City officials would like people who say they’re going to live in houses they buy from the city to actually do so. And now they’ve added contractual language and stiffer penalties to ensure that happens.
The move comes in response to the July revelation that a city program designed to stabilize neighborhoods by repairing damaged homes and finding owner-occupants was being abused by minister and hairstylist Hosea Bates. The city spent $128,000 on repairs to a home in the Concordia neighborhood and sold it to Bates for $7,500 with the understanding he would live in it, only to see him use it as a rental property. The revelation, brought to the city’s attention by area resident and state representative Evan Goyke, drew the ire of Alderman Robert Bauman. “This is borderline criminal. This is borderline theft,” said Bauman in July.
The city’s Housing Infrastructure Preservation Fund has been used to rehabilitate more than 50 houses for home ownership in the past 10 years. Owner occupancy is required for a period of five years. If Bates is found not to live in the property he would be subject to a fine of the purchase price of the house or $25,000, whichever is greater. “This guy will gladly pay us $25,000,” said Bauman in July.

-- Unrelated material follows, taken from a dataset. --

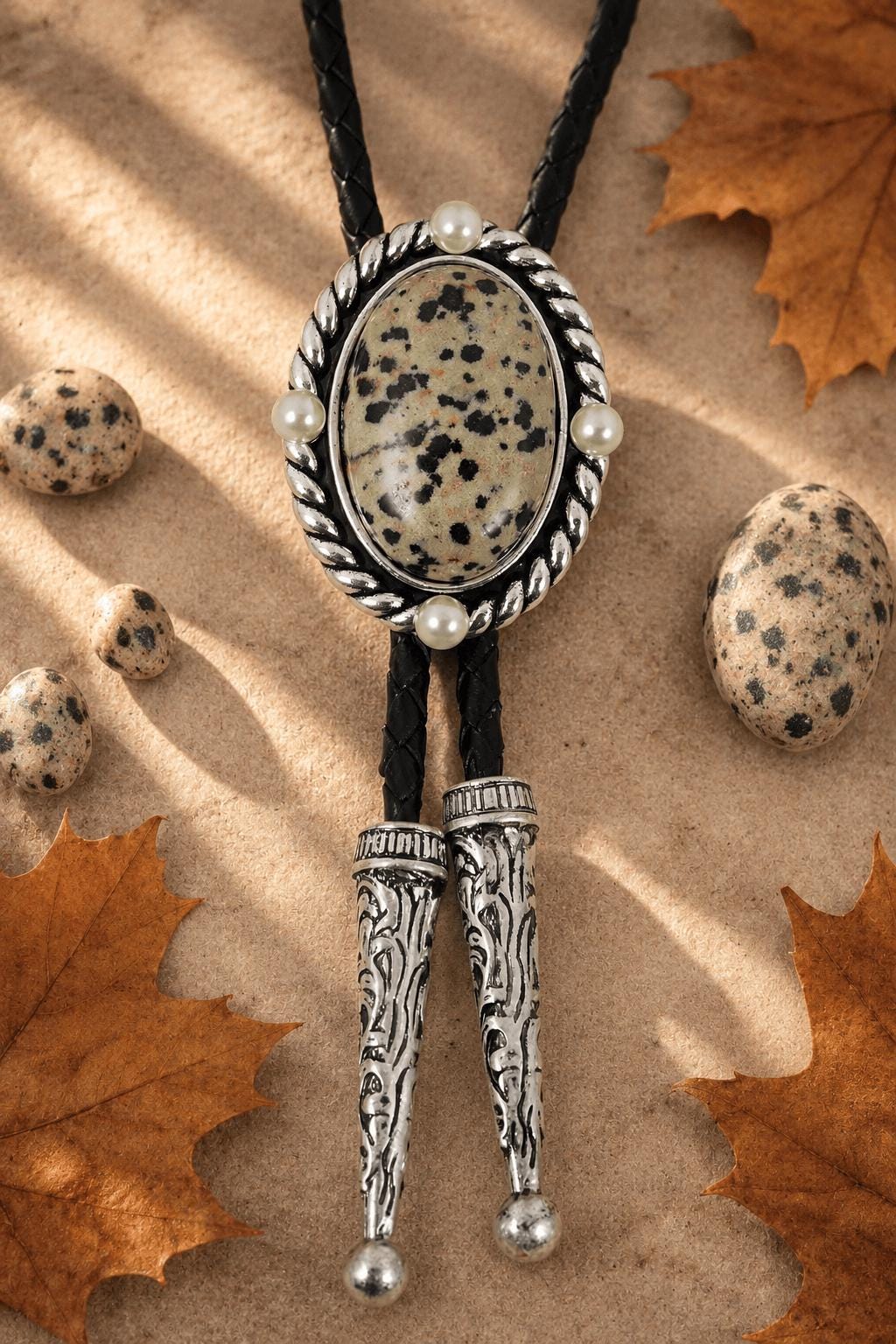Natural Dalmatian Jasper Bolo Tie, Silver Tone Western Necktie, Pearl Accent Cowboy Necklace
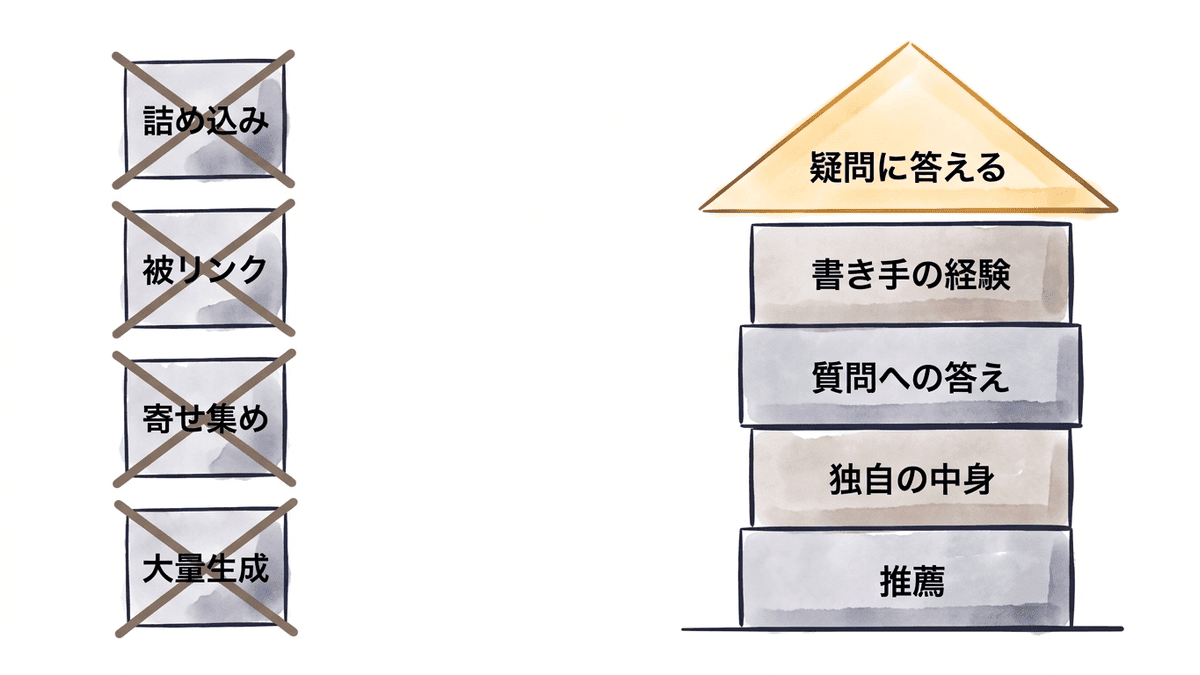 SEOの各時代に効いた手法が塞がれ、評価に残ったものが積み重なる構造の図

The first buyer subject to the new guidelines is going through the purchase price now, said Department of City Development (DCD) real estate analyst Yves LaPierre at Monday’s meeting of the Joint Committee on Redevelopment of Abandoned and Foreclosed Homes.
DCD and the independent City Attorney’s office are now adding a mortgage to the property instead of a lien as well an addendum to the sale agreement that allows the city to enter the home with a 10-day notice for inspections. It also requires the owner to provide documentation providing proof of residence, including a driver’s license, utility bill, bank statement, voter registration or income tax return. An affidavit has been added that requires the buyer to provide a list of all tenants upon request.

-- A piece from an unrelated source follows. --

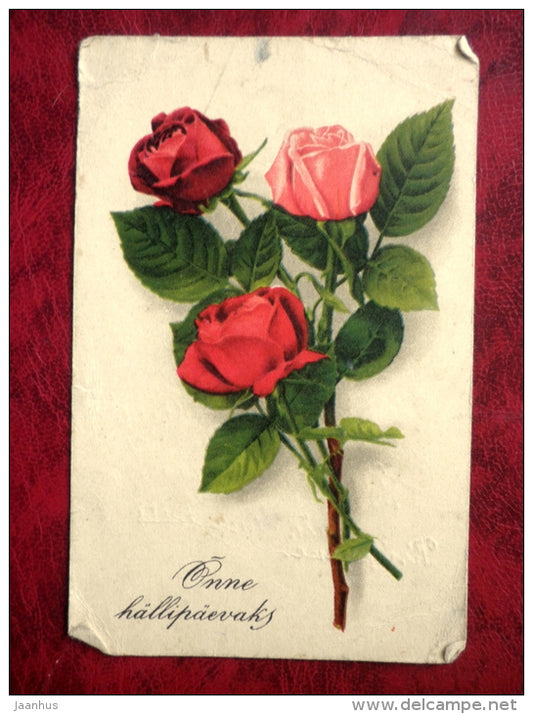 Birthday greeting card - red roses - Estonia - old postcard - used - JH Postcards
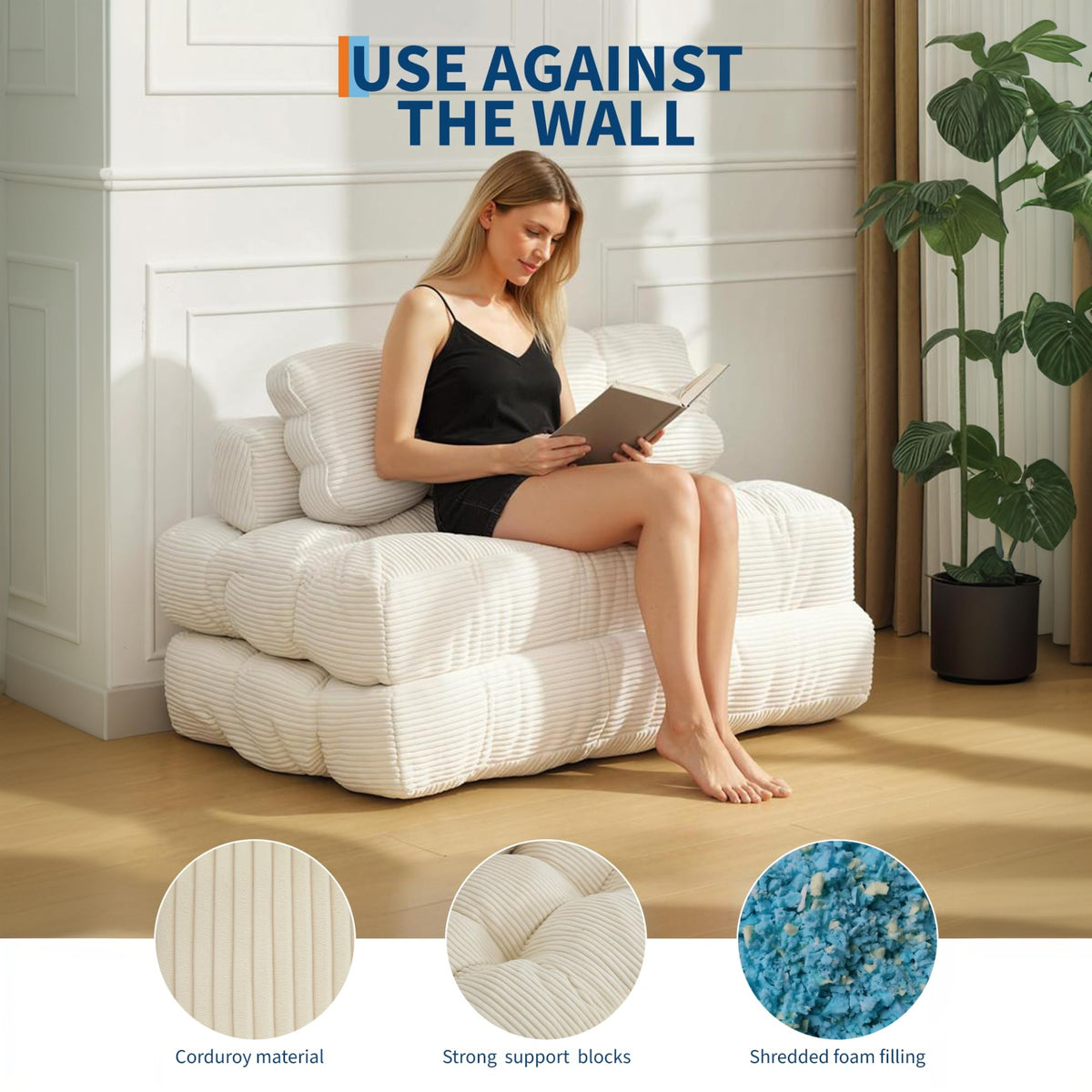 Garvee Sofá Cama Plegable 3-en-1 con Almohada y Espuma Desmenuzada, Tapizado en Corduroy Resistente a Mascotas, para Sala y Dormitorio, Beige Full, Versátil y Cómodo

Bauman asked how the mortgage worked relative to one established by a bank to fund interior repair work many of the homes need.”We did a limited self-subordination,” said assistant city attorney Gregg Hagopian. The city’s mortgage would be secondary to a bank loan, but not to a loan from a family member or friend said the attorney.

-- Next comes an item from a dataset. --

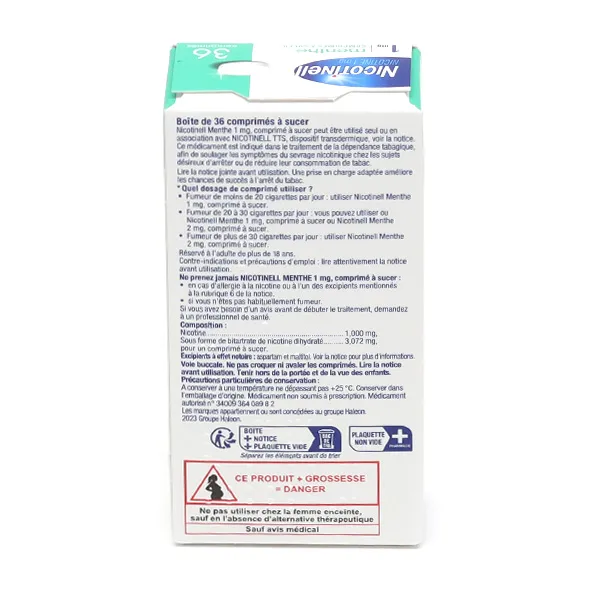 Nicotinell 1 mg menthe comprimé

How often has someone actually taken advantage of the city? “We do have a couple sales where the owners have not been owner occupants,” said LaPierre. Bauman said he knows of two such instances, but noted that’s only his district. Other council districts have far more city-owned homes.
The proposed restrictions seemed to strike Antonio Perez, provider of government-owned housing as Secretary-Executive Director of the Housing Authority of the City of Milwaukee, as too strong. “That’s a lot of government if you asked me,” he said.
What’s happening with Bates’ situation? LaPierre said no change from last time. Assistant city attorney Adam Stephens declined to provide a public update at October’s committee meeting on the subject, instead offering to brief Bauman away from the cameras and press.